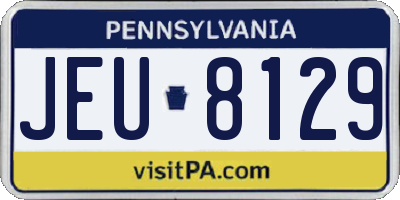 PA license plate JEU8129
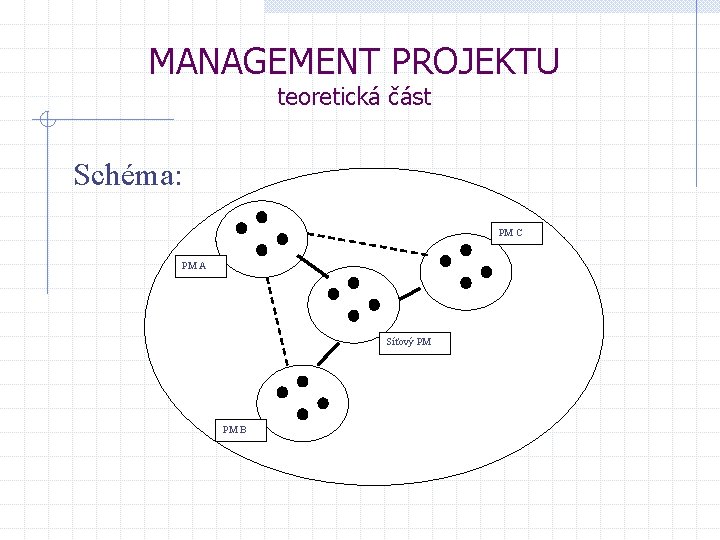 MANAGEMENT PROJEKTU teoretická část Schéma: PM C PM A Síťový PM PM B 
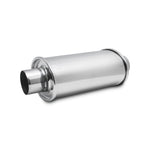 Polished 304 stainless steel Vibrant Performance Ultra Quiet resonator with 2 inch inlet and outlet pipes.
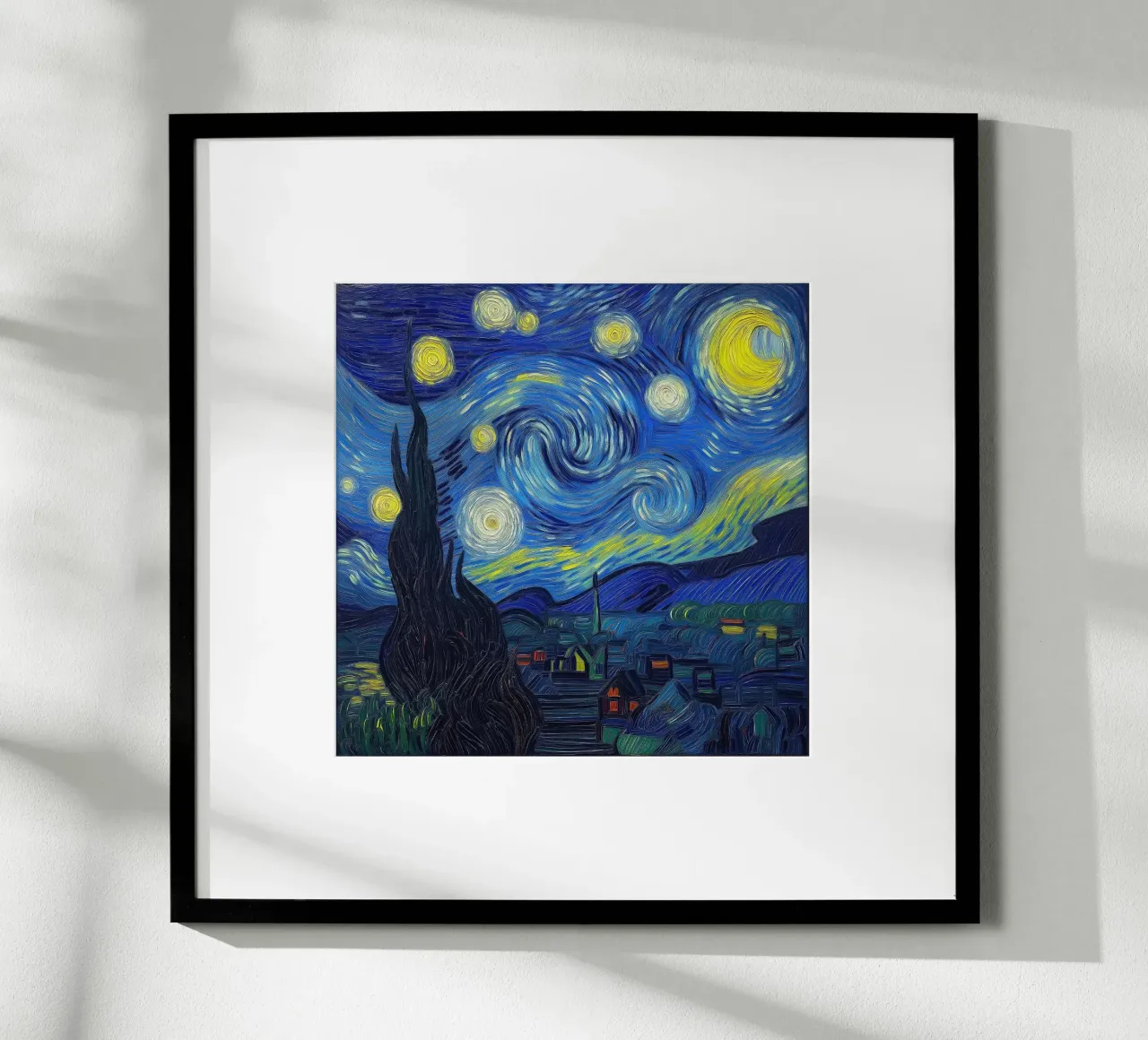 Notte stellata moderna poster con telaio in legno da Art Center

▶ _Problem details_: Repeat the data word for word, excluding any image.

▶ _Answer to the problem_:
 PA license plate JEU8129
 MANAGEMENT PROJEKTU teoretická část Schéma: PM C PM A Síťový PM PM B 
 Polished 304 stainless steel Vibrant Performance Ultra Quiet resonator with 2 inch inlet and outlet pipes.
 Notte stellata moderna poster con telaio in legno da Art Center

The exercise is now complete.